In such a case, the English court might have to accept the foreign rules determining the legal validity of the trust, even if the rules of English law would produce a different conclusion. For example, a dispute arising in connection with a private purpose trust set up in the Cayman Islands (which is perfectly valid under Cayman trusts law) may require an English court to recognise the arrangement as a valid trust, even though it would not recognise it as a valid trust under English law.
Thus, a dispute can give rise to the need for legal advice on cross-border issues, lawyers in different legal systems, and enforcement orders in respect of different jurisdictions.
The Hague Convention on Trusts
The main authority in the international law of trusts is the Hague Convention on the Law Applicable to Trusts and on their Recognition. The Convention was signed and ratified in 1987 in the UK.
Article 2 defines ‘trust’ as referring to the legal relationship created (inter vivos or on death) by a person, the settlor, when assets have been placed under the control of a trustee for the benefit of a beneficiary or for some specified purpose.
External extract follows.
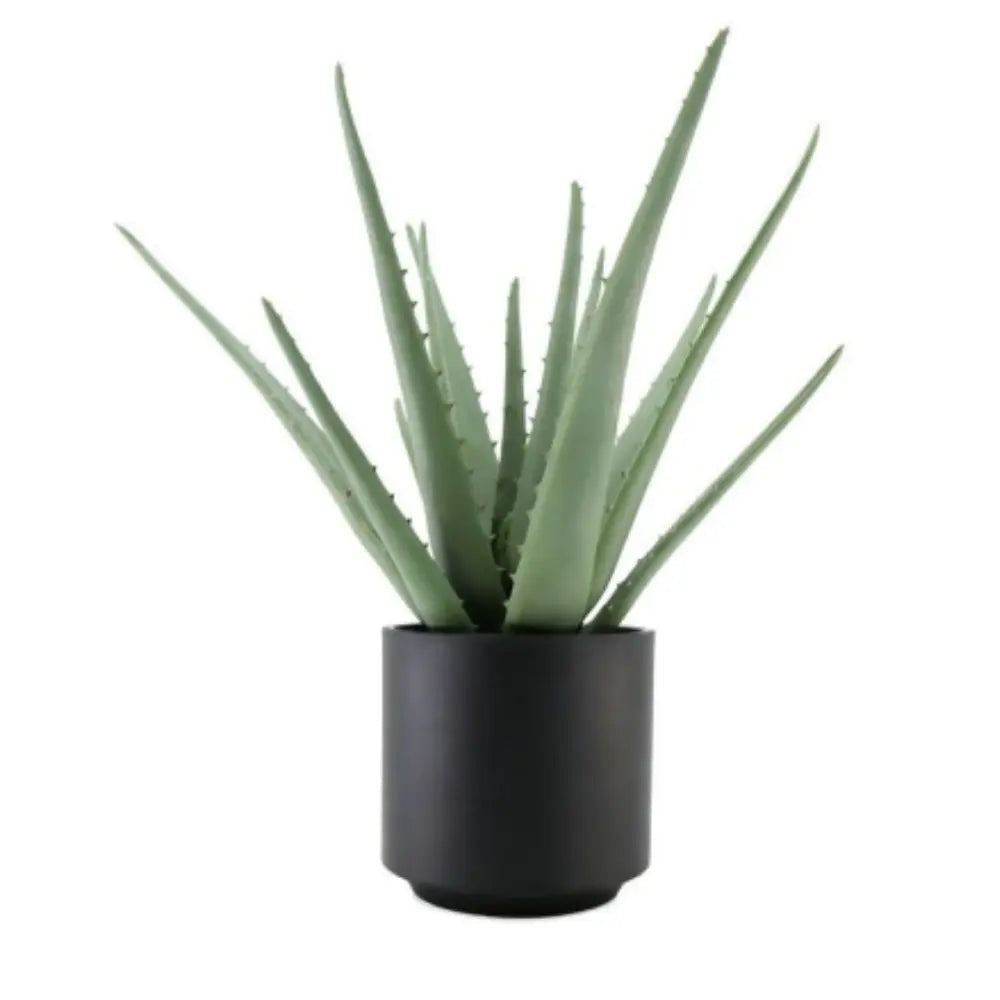 13" Artificial Aloe Plants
The language “under the control of” has been criticised by common lawyers for not reflecting the principle that, under a trust, legal ownership has actually passed to the trustee. However, it could be seen as a compromise for civil law jurisdictions, who do not recognise this common law principle.
Article 3 of the Convention does not apply to trusts created involuntarily, i.e. this means that constructive trusts and resulting trusts are outside its scope. Article 4 makes clear that the Convention only applies to the trust’s internal affairs after assets have been transferred to a trustee. It leaves the questions as to the validity of the initial transfer itself, e.g. due to the settlor’s lack of capacity, to the law of the forum.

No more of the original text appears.